Farmers and ginners are always embroiled in "war" over the pricing of seed cotton, with growers believing they are being ripped off while ginners are convinced they are paying the right producer prices. The problem has persisted mainly because of lack of understanding of the dynamics on the international cotton market. The ginner pays on the basis of what is obtainable in the market yet on the other hand the farmer wants the maximum possible price, a huge expectation gap.

The other factor that causes this expectation gap is perception that the ginners want to pursue their own interests, which is really a result of misinformation.

Disputes with regards to pricing are not unique to cotton, they are common for most commodities.

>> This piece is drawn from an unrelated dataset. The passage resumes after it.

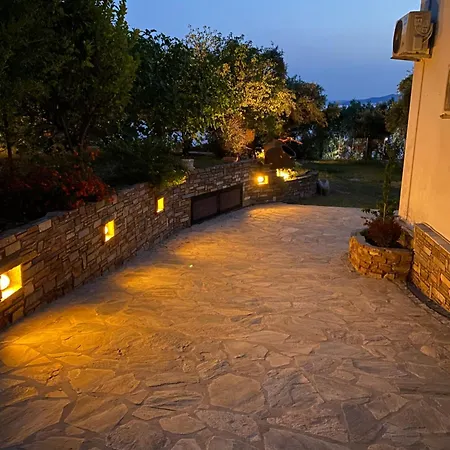 Sunset Of Pelion كاتو جاتزي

Competition among ginners and oversight by Agricultural Marketing Authority (AMA) ultimately protects farmers.

The international market of cotton just like any other commodities is a complex market. There are so many fundamental factors at play in the cotton market that even professionals find it difficult to comprehend what will be happening.

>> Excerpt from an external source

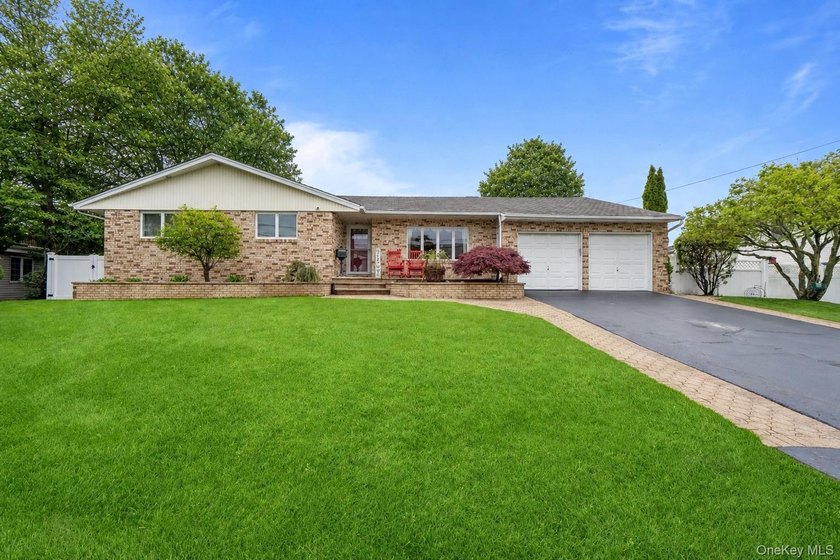 Welcome to Harbour Green Estates, one of Massapequa's most - Beach Home for sale in Massapequa, New York on Beachhouse.com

The world economic outlook has become so uncertain and this has brought with it unimaginable volatility in the market.

It's a mad market and understanding the market needs some training to the farmers and other stakeholders so that they can grasp the concepts involved.

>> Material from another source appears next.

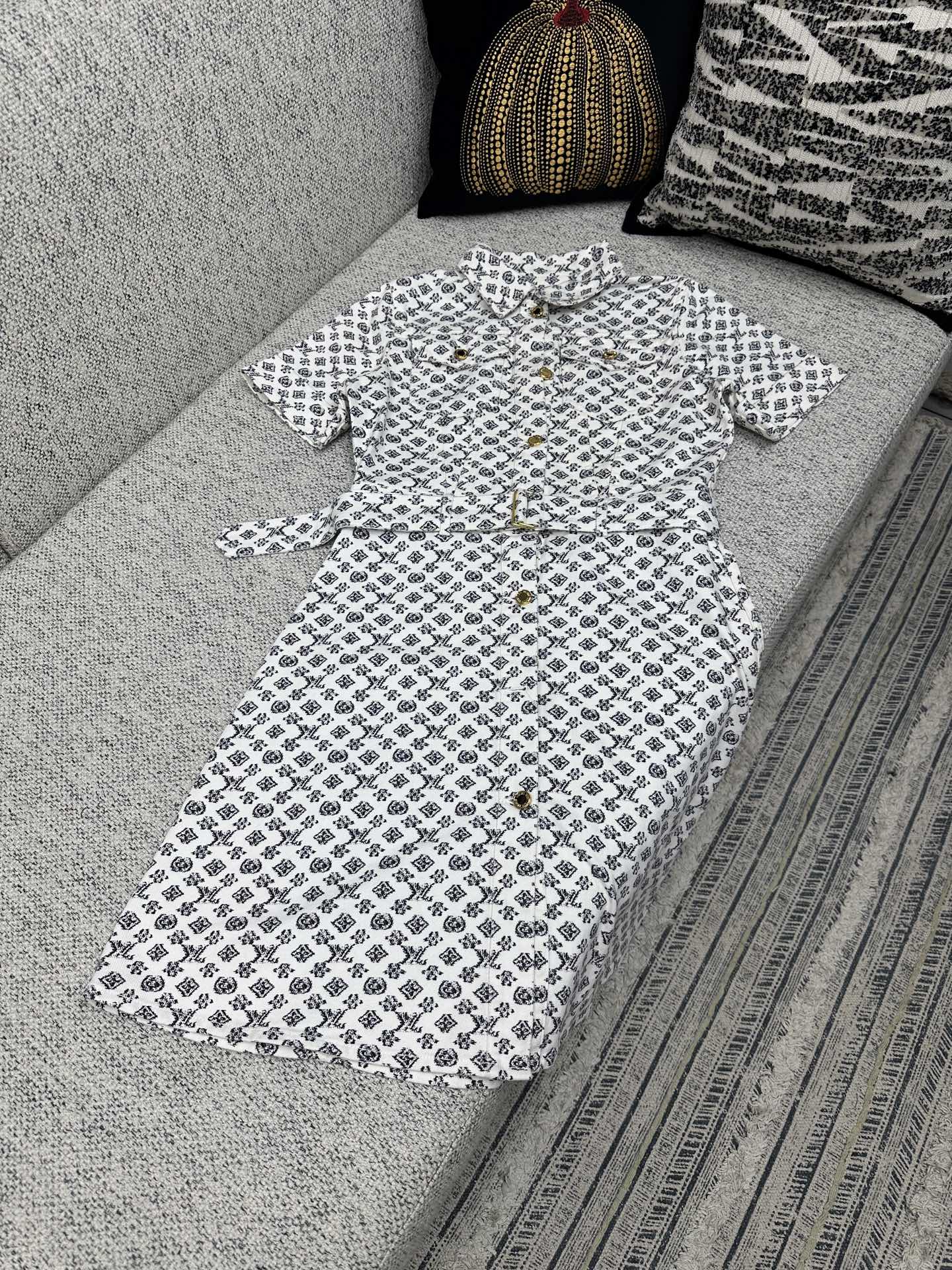 NO:518653,Donkey 25ss new denim denim square collar dress, high-end version, women's style!  S.M.L.,,louis vuitton,louis vuitton,skirts,alexander wang19860909驴家25ss新款丹宁牛仔方领连衣裙,高版本,女款！ 码数S.M.L.,,louis vuitton,louis vuitton,skirts,alexander wang,Men's clothing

We hope the current problems over seed cotton pricing will be tackled to the satisfaction of all parties involved, as there is so much growth potential in seed cotton production.

It can never be disputed that farmers and merchants need each other and resolving the issues around seed cotton prices is in everyone's interest. While we acknowledge that over 95 percent of seed cotton is produced under contract between growers and merchants, we believe that should never be used as a reason for ripping off farmers.

Where market forces dictate that prices should be favourable to growers, we encourage merchants to play ball and when the same market forces dictate that producer prices should not be favourable, we also expect farmers to understand the dictates of economic forces.

We also believe that while merchants are in business to make profits, they are not devilish to the extent of pulling down farmers even when the prices of lint on the world market are firming.

They will still make their money by paying farmers prices good enough for them to realise value in seed cotton production.

But it would be expecting too much for the merchants to be paying farmers through the roof when lint prices on the international market are depressed, as is the case at the moment.

It is our hope that farmers and merchants get to understand the developments on the lint market so that they agree on a producer price that gives all parties value to remain in business.

Let us not bring politics to matters that are purely driven by markets forces. Lint prices are depressed because some countries in Asia and the Far East are holding huge stocks of lint, which has pushed down the demand for it and consequently a drop in prices.

The effect of such a scenario is not limited only to such countries but also affects our local farmers.

We hope sanity will prevail and that threats by farmers to withhold their crop, which interestingly is financed by the same merchants they are at loggerheads with, remain just that, threats.